▶ **Raw data**:
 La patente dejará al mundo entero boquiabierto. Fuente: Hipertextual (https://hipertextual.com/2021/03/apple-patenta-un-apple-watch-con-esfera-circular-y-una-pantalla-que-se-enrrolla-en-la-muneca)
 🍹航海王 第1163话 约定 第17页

* * *

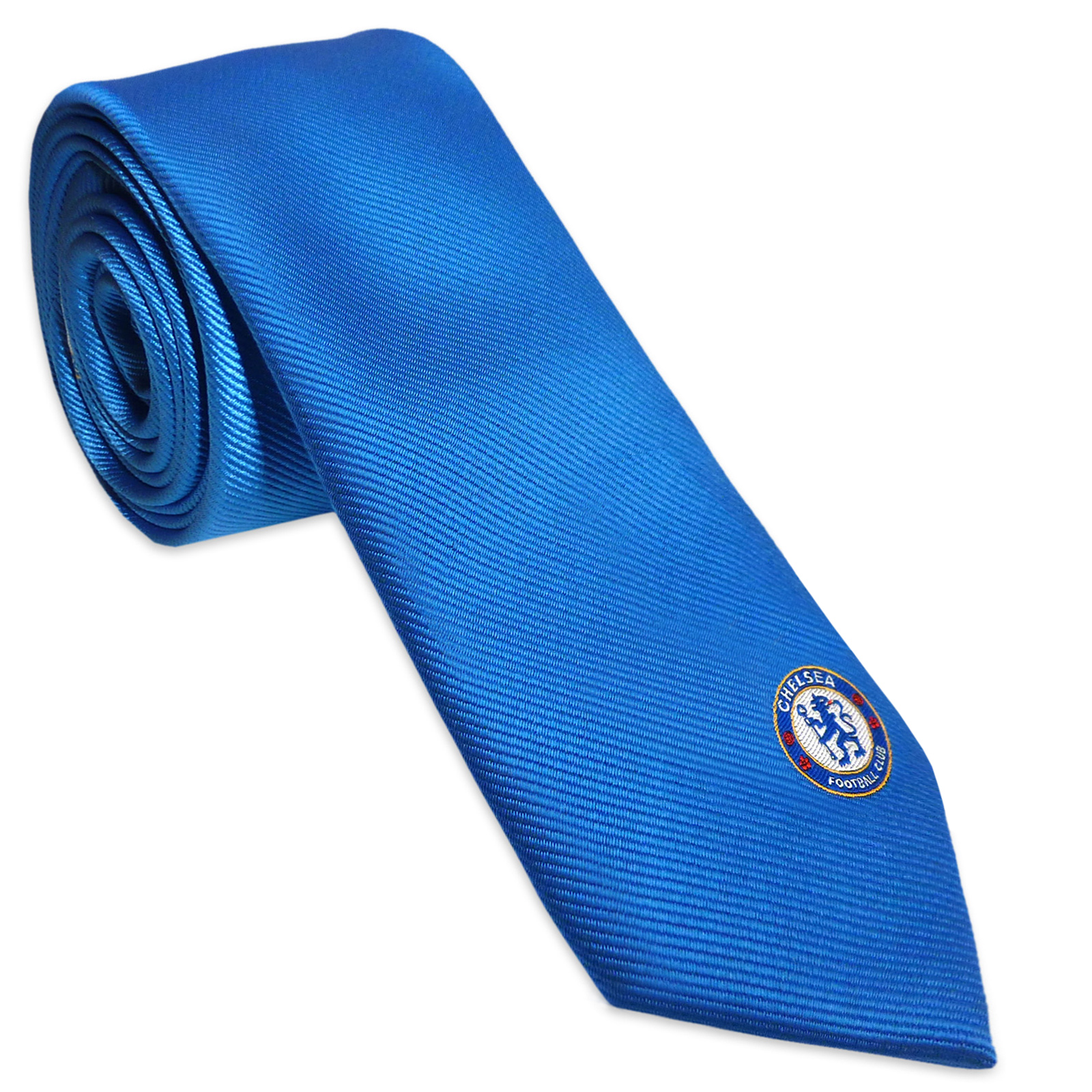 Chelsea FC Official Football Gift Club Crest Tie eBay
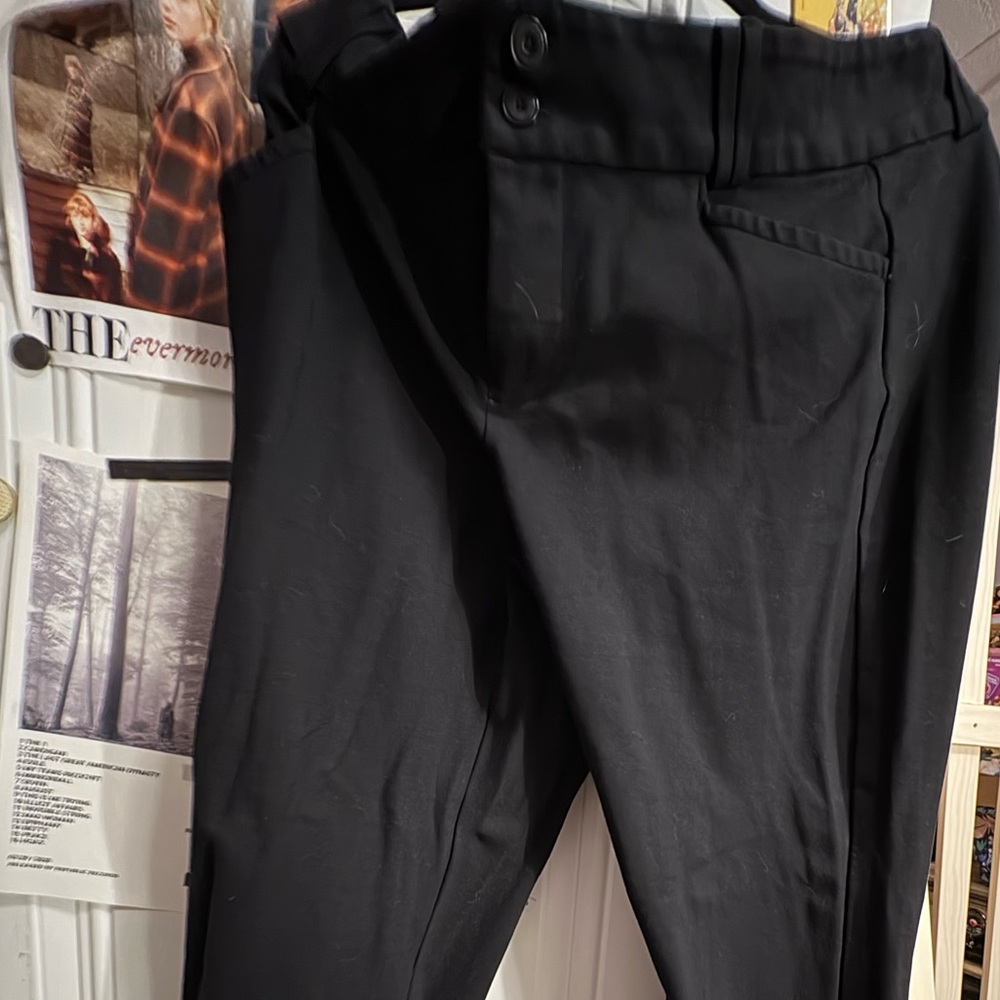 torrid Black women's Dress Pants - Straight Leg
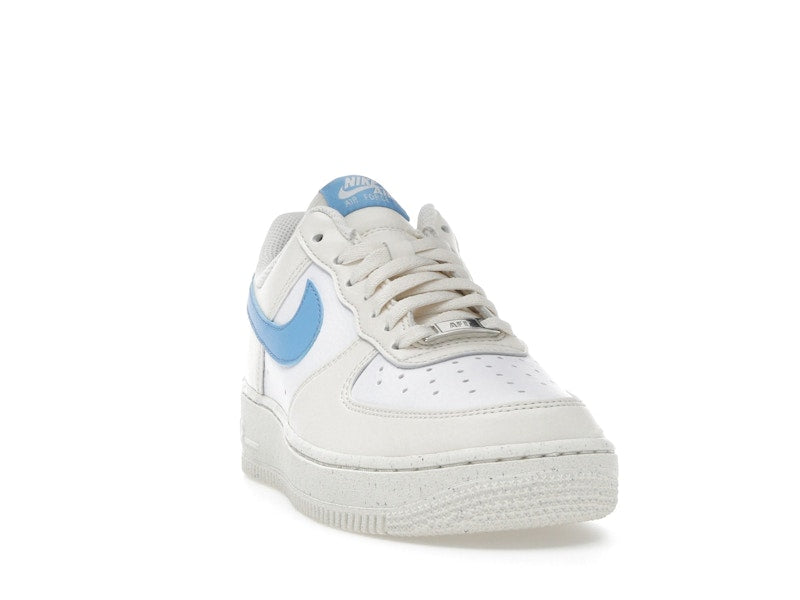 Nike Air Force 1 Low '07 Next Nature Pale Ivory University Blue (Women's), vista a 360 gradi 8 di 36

---

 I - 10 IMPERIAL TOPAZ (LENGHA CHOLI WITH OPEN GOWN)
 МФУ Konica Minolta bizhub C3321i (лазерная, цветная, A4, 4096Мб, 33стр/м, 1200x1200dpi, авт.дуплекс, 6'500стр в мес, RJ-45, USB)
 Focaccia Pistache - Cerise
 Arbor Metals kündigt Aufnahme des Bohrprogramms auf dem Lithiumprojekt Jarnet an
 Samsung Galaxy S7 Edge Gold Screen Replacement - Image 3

▶ **What is expected**: Starting at the line above that contains "La patente dejará", write out each line exactly until the line that contains "第1163话 约定 第17页" has been written, and stop there.

▶ **Exercise response**:
 La patente dejará al mundo entero boquiabierto. Fuente: Hipertextual (https://hipertextual.com/2021/03/apple-patenta-un-apple-watch-con-esfera-circular-y-una-pantalla-que-se-enrrolla-en-la-muneca)
 🍹航海王 第1163话 约定 第17页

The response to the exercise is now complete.